Expected Results: It shouldn't hang; the kernel from two days before didn't.
I'll post a picture with the oops momentarily.
Created attachment 120339 [details]
Reduced picture of the soft lockup oops
This is barely readable, but I hope it's enough. There's the tail of a SysRq-T
output before the lock up oops, so you can see that this time it got as far as
checking for new hardware. The end of the oops is the same as that I got
several other times, before I managed to stop the system from switching from
80x60 to 80x25 on boot.
sounds like this could be a dupe of 171615 and 171632
Could you try the kernel at http://people.redhat.com/davej/kernels/Fedora/devel/
Looks like the same problem, indeed. I'll try 1626 when my rawhide update
completes, but from the two other bug reports, I won't hold my breath.
My box is a UP notebook, and the only oddity I can think of is the use of
external disks on both USB and Firewire, with root on LVM on raid 1, with one of
the raid 1 members on one of the external disks, and some additional raid 1
(additional swap included) between the two external disks. A minor oddity, eh? :-)
Created attachment 120373 [details]
If 1.1622 is working than this is rc5-git2. git2 has very few patches. We already
turned off powernow patch and I built without the hugetlb patch. What is left
in there that relevant to architecture are some drm, dccp, tcp, and posix timers patches.
Also, there are few Fedora patches (autofs-lookup and serial-of). Any educated guesses?
Can build the kernel and try. I did build git5 with no success, so if it is posix timers they
have not got it right yet.
For the record... The only difference between 2.6.13-1.1622_FC5 and
2.6.13-1.1623_FC5 was that the latter had CONFIG_CC_OPTIMIZE_FOR_SIZE=y. The
-git patches were not being applied because the %patch2 command was commented
out. This unfortunately makes it both easy and difficult to fix the problem :-/
Yes, indeed. I rebuilt 1.1629 with actually applying git7 (this has optimize
set to N) and system booted but after working for two minutes it froze. So,
there is something still wrong in the git patch. I now building again with only
the posix-thread patches applied from git tree to see if they are the ones causing
Ok. adding all of the posix/thread related patches from git upto this time
builds and runs fine. I have been running for an hour without problems.
this should be fixed in 1629
*** Bug 171632 has been marked as a duplicate of this bug. ***
It is fixed, indeed, as in, the problem no longer occurs. Until someone decides
to turn -Os on again. I know I've seen this very same failure before, so I
figured I'd track it down.
So I built the entire kernel with -Os and it failed. Then I rebuilt only
arch/x86_64/lib/bitops.o with -O2 and it would work fine. Then I compared the
code of this file, compiled with -Os and -O2, and the only significant
difference was that with -O2 find_first_zero_bit() would be inlined into
find_next_zero_bit(). So I rename find_first_zero_bit to __find_first_zero_bit,
make it always_inline, create a new find_first_zero_bit that just calls the
always_inline function, and get find_next_zero_bit to call the always_inline
function. At that point, the code in both object files is equivalent, so it
should all work, righ? Well, it still doesn't, and I'm totally confused as to why.

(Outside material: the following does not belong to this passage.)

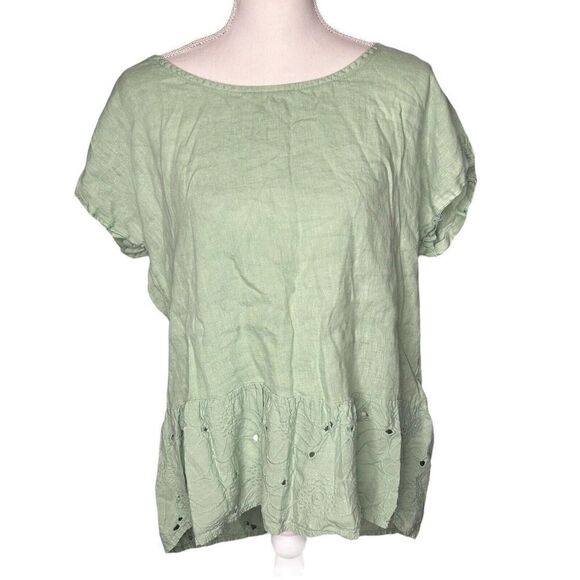 Terzo Millennio Italy 100% Linen Woman’s  Lagenlook High Low Top Shirt Size L - Picture 1 of 7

(As for how to get the kernel to not recompile everything when I change from -O2
to -Os or vice-versa, I commented out the addition of -O2 and -Os in the
top-level Makefile, created `compile.Os' and `compile.O2' scripts that run CC
with the corresponding option appended to the command line, then set up a
soft-link to point to one of the other, and run `make bzImage
May I suggest that we keep this bug open such that we can eventually switch to
an -Os kernel on amd64?
Is this perhaps a gcc problem, just triggered by the kernel?
Created attachment 120544 [details]
Patch that enables a kernel optimized for size to work
Nope, just the usual bug in asm statements that different compiler
optimizations often expose. The patch file contains a long explanation of the
bug and the various minor changes I made while fixing it.
Fixed upstream, and in rawhide for a while.